### Instructions to follow
When you reach the line containing "Dolce & Gabbana" in the data below, begin returning lines exactly as written, and stop once the line containing "Combinaison de ski" has been returned.

### Given data
--------------------

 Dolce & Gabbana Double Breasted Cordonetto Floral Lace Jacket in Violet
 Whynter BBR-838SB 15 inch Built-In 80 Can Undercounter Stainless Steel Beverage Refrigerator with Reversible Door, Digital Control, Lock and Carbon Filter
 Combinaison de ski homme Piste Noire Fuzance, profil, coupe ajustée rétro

--------------------

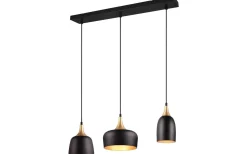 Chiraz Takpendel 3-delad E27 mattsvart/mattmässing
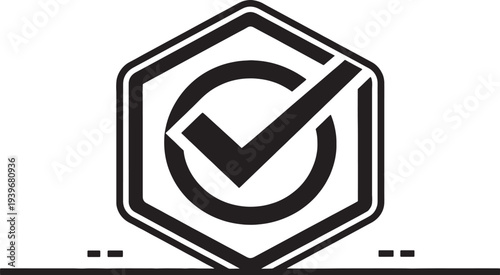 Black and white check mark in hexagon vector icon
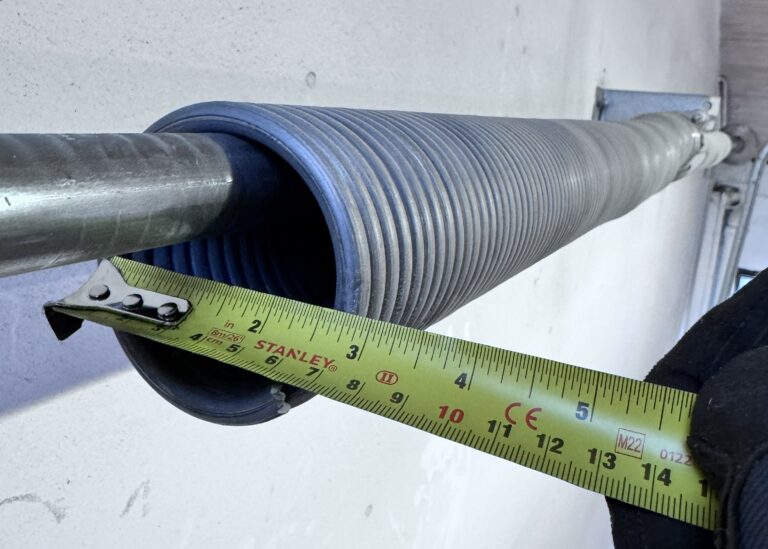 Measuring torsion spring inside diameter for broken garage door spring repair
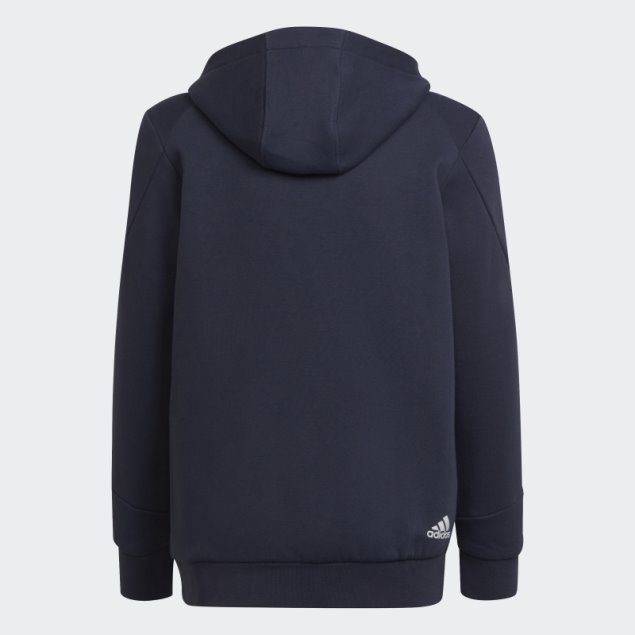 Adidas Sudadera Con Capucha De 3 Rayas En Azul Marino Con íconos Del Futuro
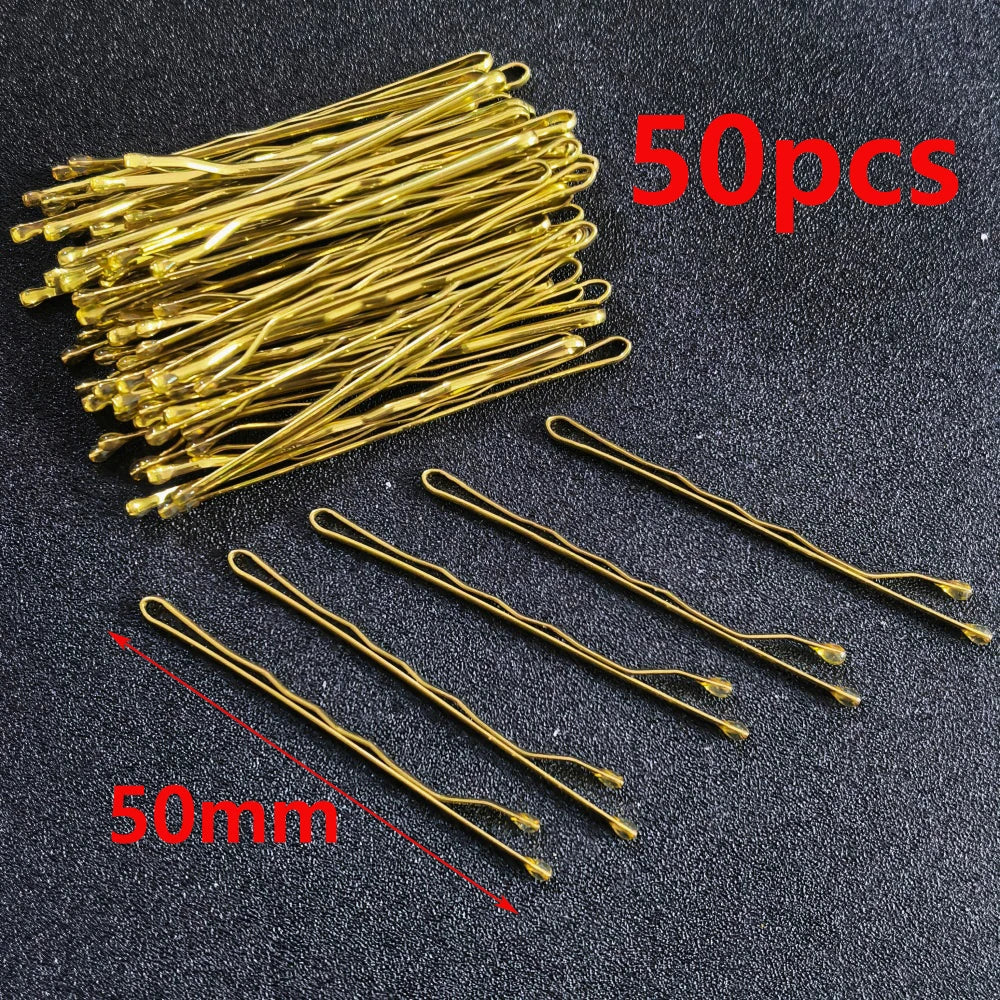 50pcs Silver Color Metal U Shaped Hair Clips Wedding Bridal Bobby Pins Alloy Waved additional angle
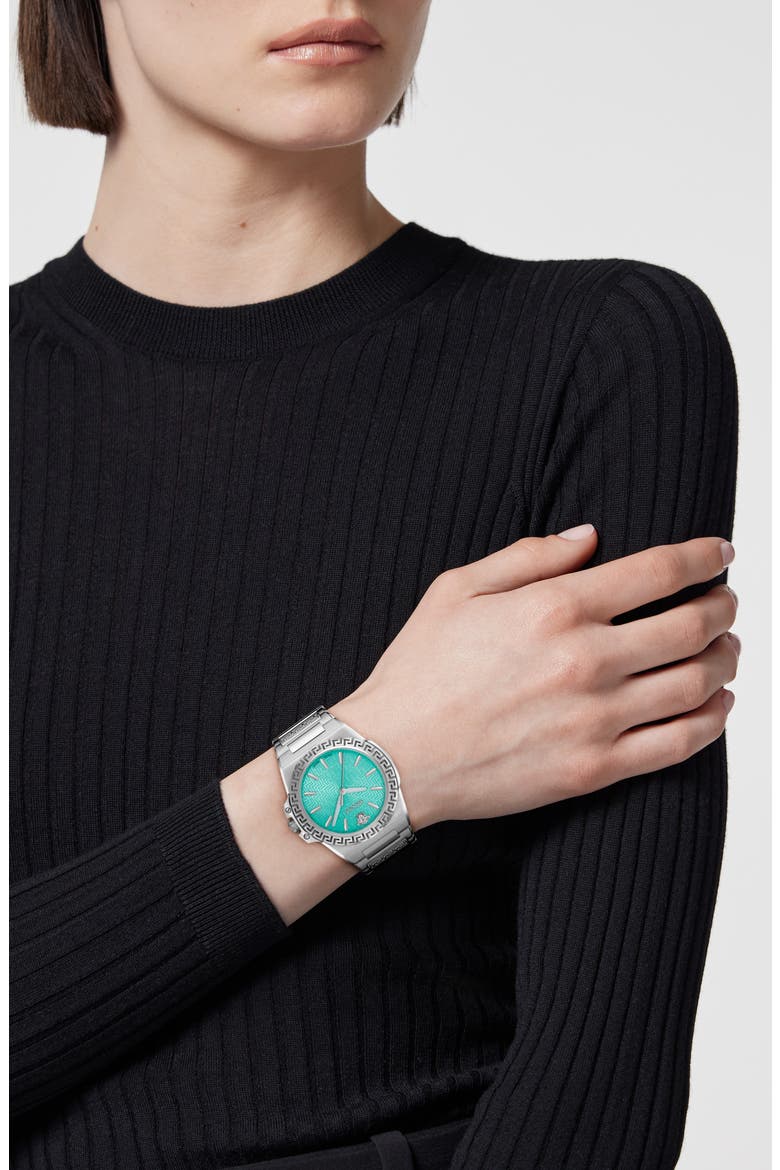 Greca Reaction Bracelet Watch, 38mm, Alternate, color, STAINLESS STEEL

--------------------

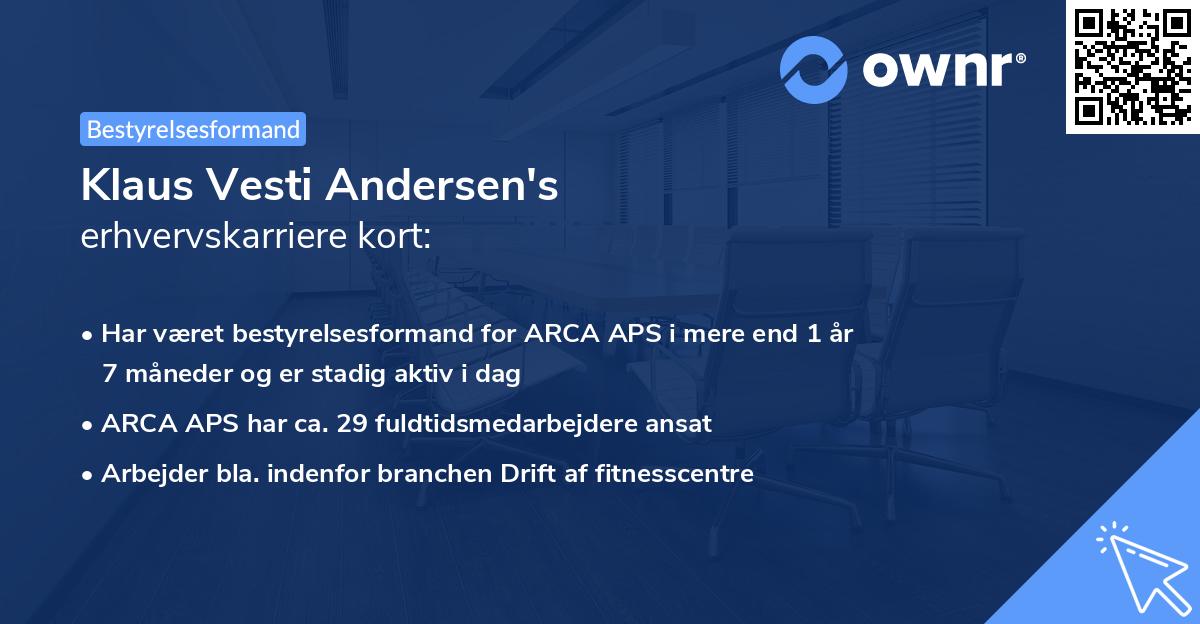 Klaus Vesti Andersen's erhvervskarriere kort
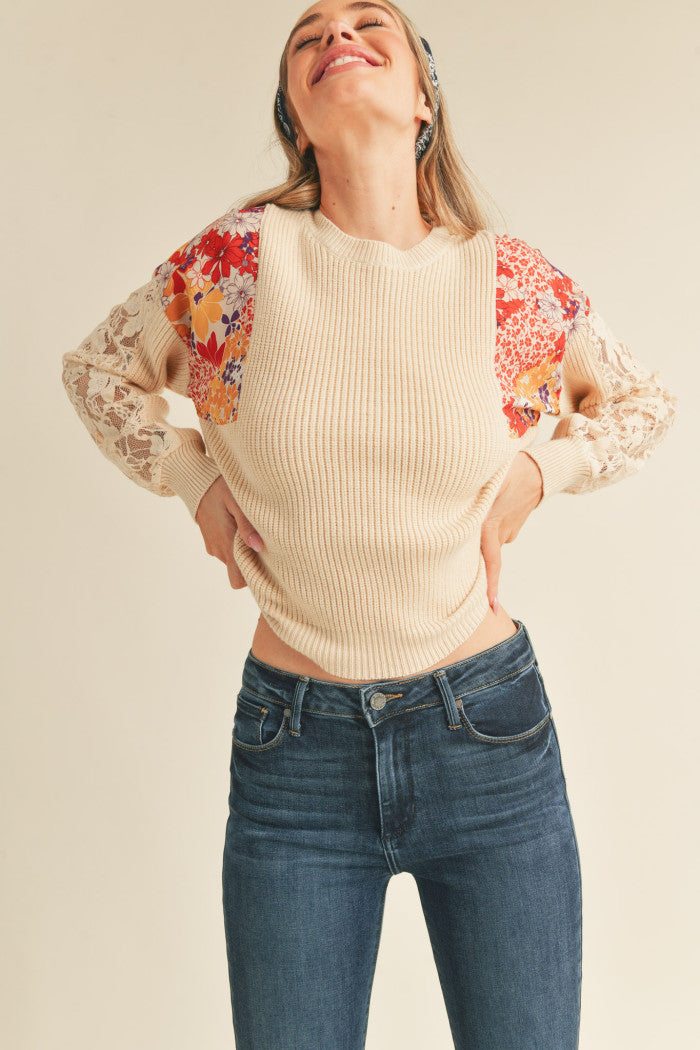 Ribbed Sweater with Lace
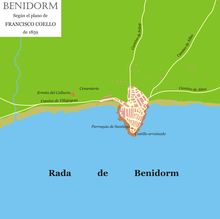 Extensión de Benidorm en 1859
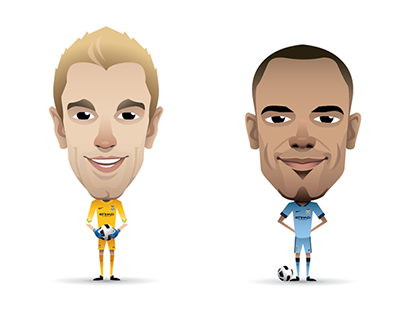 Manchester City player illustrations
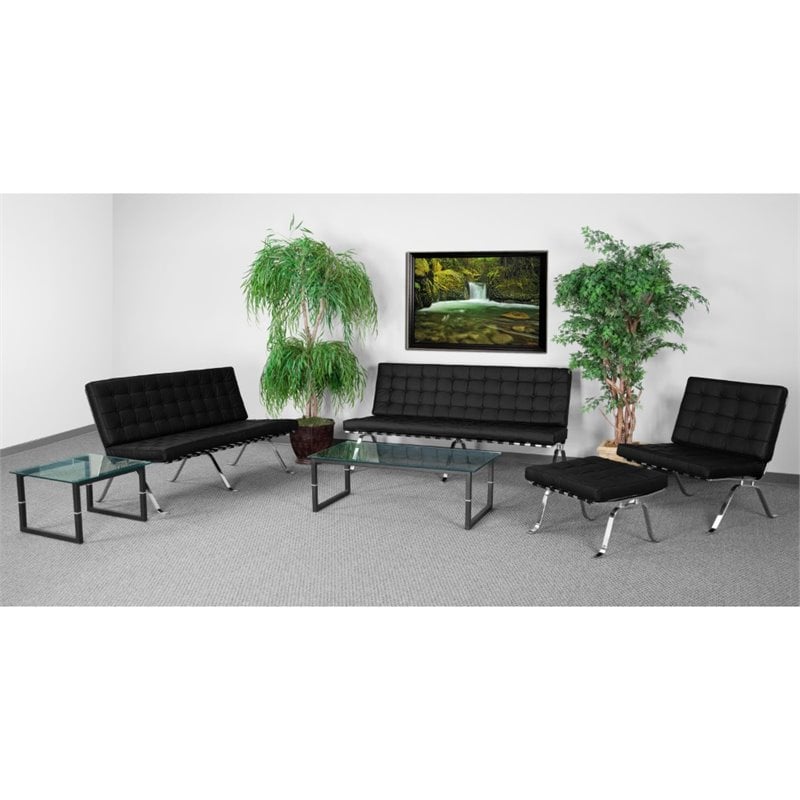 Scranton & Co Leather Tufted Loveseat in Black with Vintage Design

--------------------

### Response area
 Dolce & Gabbana Double Breasted Cordonetto Floral Lace Jacket in Violet
 Whynter BBR-838SB 15 inch Built-In 80 Can Undercounter Stainless Steel Beverage Refrigerator with Reversible Door, Digital Control, Lock and Carbon Filter
 Combinaison de ski homme Piste Noire Fuzance, profil, coupe ajustée rétro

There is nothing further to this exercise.